MICHAEL J. SENG, Magistrate Judge.

Petitioner is a state prisoner proceeding pro se with a petition for writ of habeas corpus pursuant to 28 U.S.C. § 2254. Respondent is represented in this action by Brian G. Smiley of the Office of the Attorney General for the State of California. Both parties have consented to Magistrate Judge jurisdiction under 28 U.S.C. § 636(c). (ECF Nos. 9-10.)

I. BACKGROUND

Petitioner is currently in the custody of the California Department of Corrections pursuant to a judgment of the Superior Court of California, County of Tulare. On May 13, 2011, Petitioner plead no contest to first degree home invasion, second degree robbery, first degree burglary, receiving stolen property, criminal threats, false imprisonment by violence, grand theft of personal property, kidnapping during a carjacking, and kidnapping to commit another crime. (See Lodged Doc. 1.) Petitioner admitted numerous firearm use special allegations. (Id.) On June 7, 2011, Petitioner was sentenced to an indeterminate state prison term of seventeen (17) years to life. (Id.) Petitioner did not appeal the convictions.

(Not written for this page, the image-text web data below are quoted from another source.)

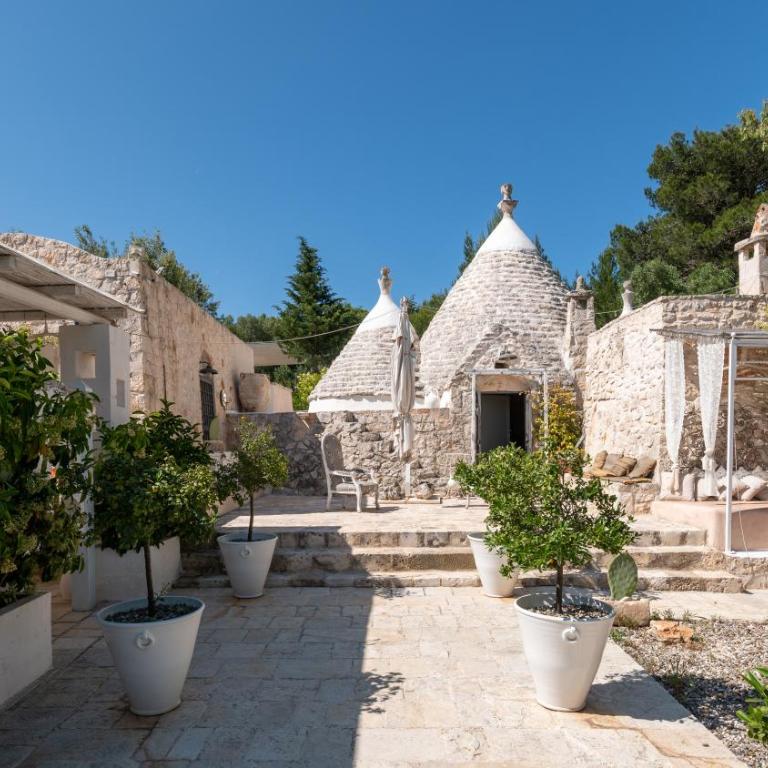 PIGRECO 6&2, Emma Villas - Three-Bedroom Villa - 13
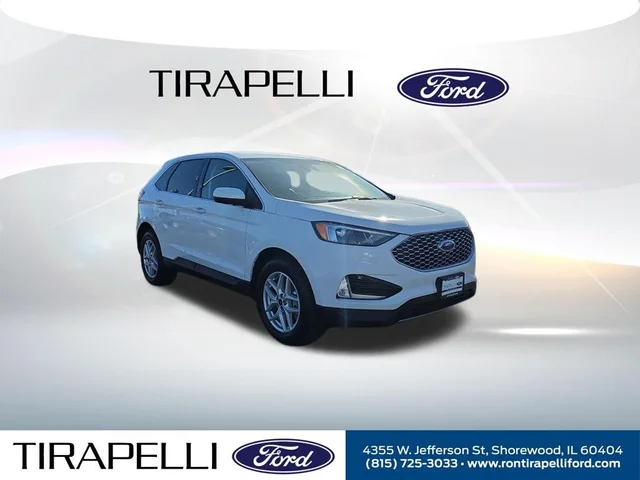 SEMINUEVOS FORD Edge a Estados en autogozo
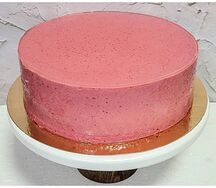 Вишня в шоколаде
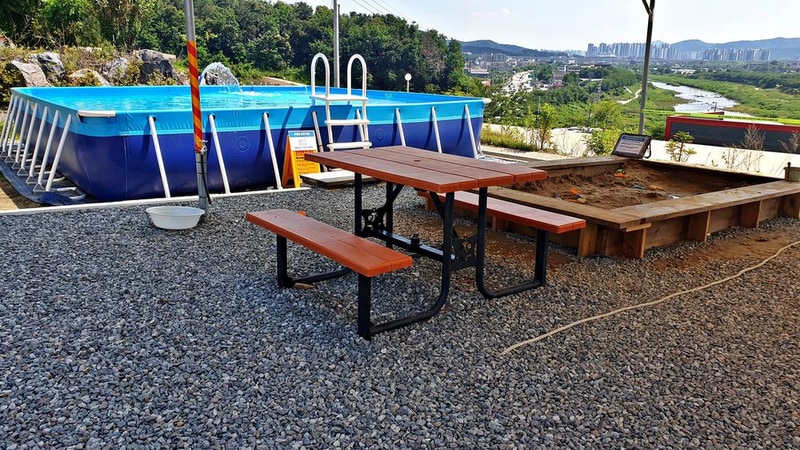 에버오토캠핑장 시설 사진 5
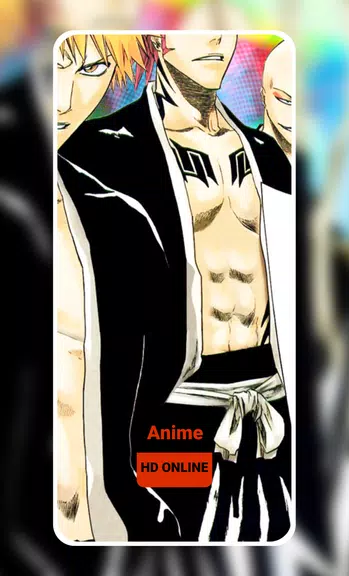 Anime HD Online -Anime TV Free Скриншот 3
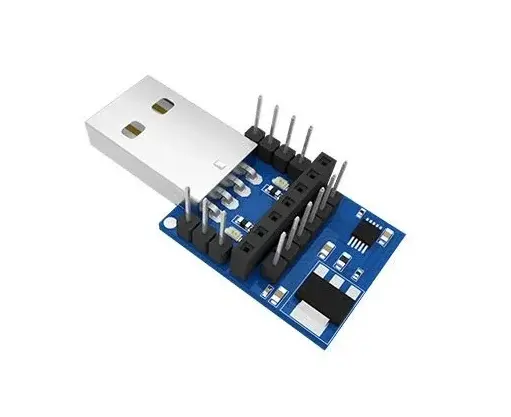 EBYTE E15-USB-T2 LoRa Programlama Modülü USB TTL Adaptör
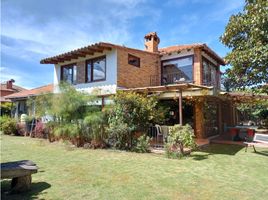 5 Bedroom House for sale in Chia, Cundinamarca, Chia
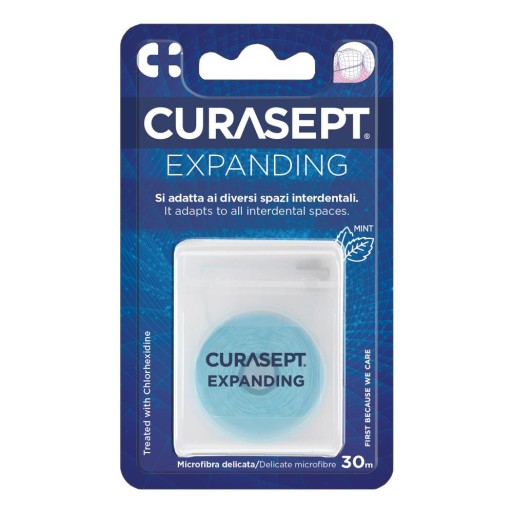 CURASEPT FLOSS EXPANDING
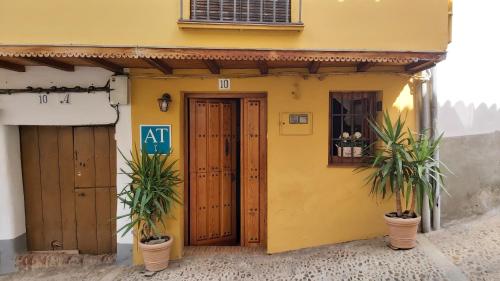 Arco Del Tinte 10 — Guadalupe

However, Petitioner proceeded to file four collateral appeals to his conviction in state court. (See Lodged Docs. 3-10.) The petitions were filed as follows:

1. Tulare County Superior Court Filed: December 6, 20111; Denied: December 12, 2011; 2. Tulare County Superior Court Filed: March 15, 20122; Denied: March 21, 2012; 3. California Court of Appeal, Fifth Appellate District Filed: September 25, 20123; Denied: December 5, 2012; 4. California Supreme Court Filed: February 14, 20134; Denied: April 17, 2013.

(Lodged Docs. 3-10.)

Petitioner filed the instant federal habeas petition on April 10, 2014.5 (Pet.) On June 27, 2014, Respondent filed a Motion to Dismiss the petition as being filed outside the one-year limitations period prescribed by 28 U.S.C. § 2244(d). (Mot. to Dismiss, ECF No. 11.) Petitioner filed an opposition to the motion to dismiss on June 14, 2014. (ECF No. 13.) Respondent filed a reply on August 20, 2014. (ECF No. 16.)

II. DISCUSSION

A. Procedural Grounds for Motion to Dismiss

Rule 4 of the Rules Governing Section 2254 Cases allows a district court to dismiss a petition if it "plainly appears from the petition and any attached exhibits that the petitioner is not entitled to relief in the district court . . . ." Rule 4 of the Rules Governing Section 2254 Cases.

The Ninth Circuit has allowed respondents to file a motion to dismiss in lieu of an answer if the motion attacks the pleadings for failing to exhaust state remedies or being in violation of the state's procedural rules. See, e.g., O'Bremski v. Maass, 915 F.2d 418, 420 (9th Cir. 1990) (using Rule 4 to evaluate motion to dismiss petition for failure to exhaust state remedies); White v. Lewis, 874 F.2d 599, 602-03 (9th Cir. 1989) (using Rule 4 as procedural grounds to review motion to dismiss for state procedural default); Hillery v. Pulley, 533 F.Supp. 1189, 1194 & n. 12 (E.D. Cal. 1982) (same). Thus, a respondent can file a motion to dismiss after the court orders a response, and the Court should use Rule 4 standards to review the motion. See Hillery, 533 F. Supp. at 1194 & n. 12.

In this case, Respondent's motion to dismiss is based on a violation of the one-year limitations period. 28 U.S.C. § 2244(d)(1). Because Respondent's motion to dismiss is similar in procedural standing to a motion to dismiss for failure to exhaust state remedies or for state procedural default and Respondent has not yet filed a formal answer, the Court will review Respondent's motion to dismiss pursuant to its authority under Rule 4.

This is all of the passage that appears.